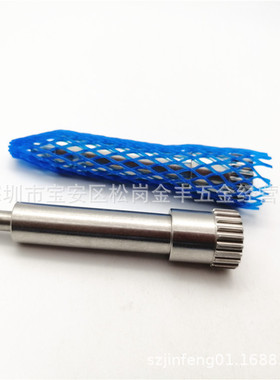 慢走丝配件 夏米尔轴心C314 下机头滚轮轴心 135010087出线轮轴心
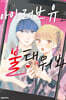 아이 러브 유로 불태워봐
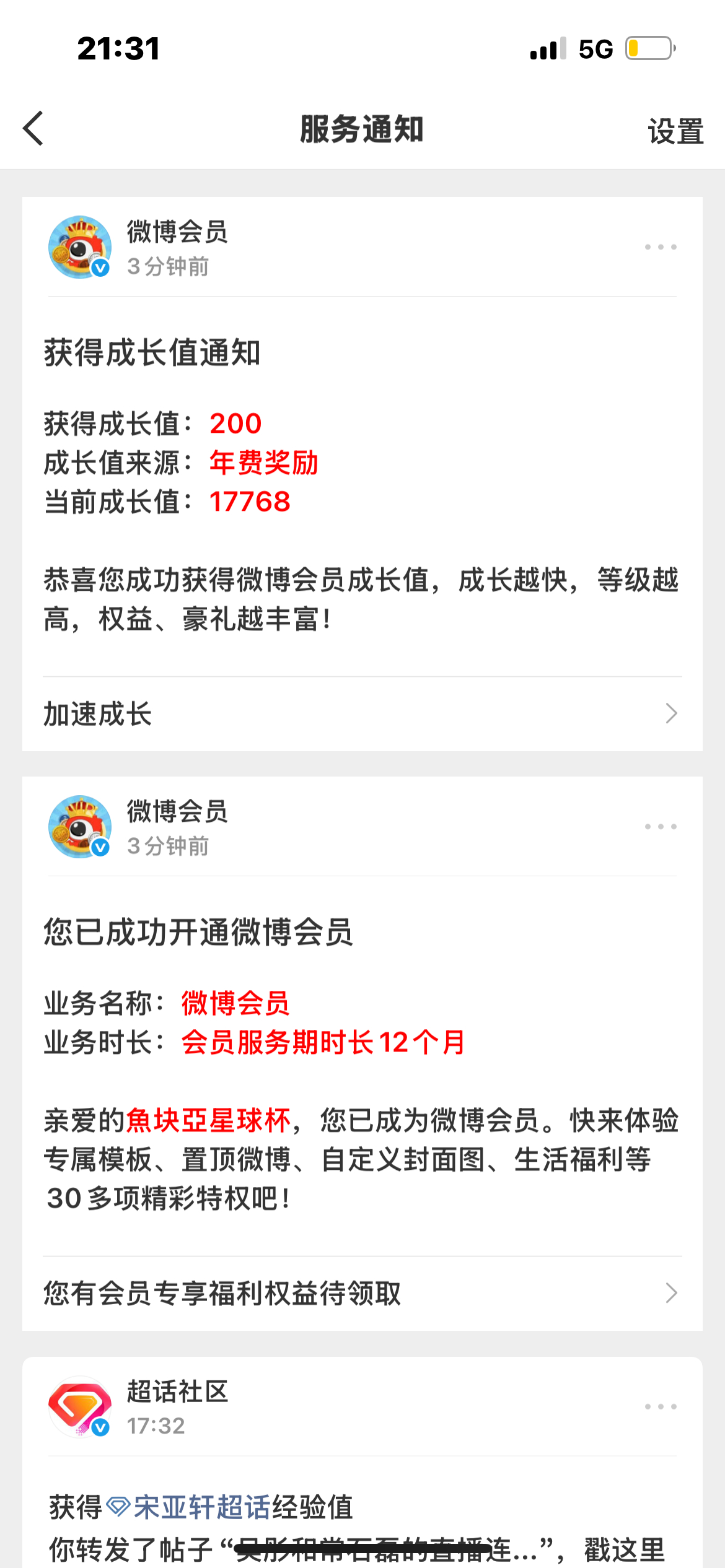 救命…居然是真的吗 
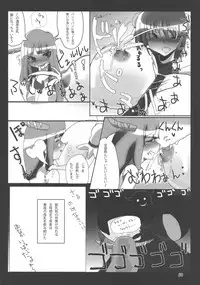 (Shuuki Reitaisai 2) [Bantendou Shoten (Various)] Touhou Bounyuu Kobitan (Touhou Project)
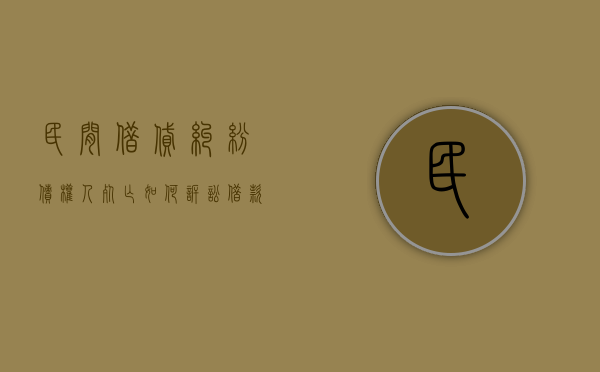 民间借贷纠纷债权人死亡如何诉讼（借款人死亡的民间借贷纠纷）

==============================

- _Your goal_
All of the data should come back exactly as written, but without pictures.

- _The answer_
 慢走丝配件 夏米尔轴心C314 下机头滚轮轴心 135010087出线轮轴心
 아이 러브 유로 불태워봐
 救命…居然是真的吗 
 (Shuuki Reitaisai 2) [Bantendou Shoten (Various)] Touhou Bounyuu Kobitan (Touhou Project)
 民间借贷纠纷债权人死亡如何诉讼（借款人死亡的民间借贷纠纷）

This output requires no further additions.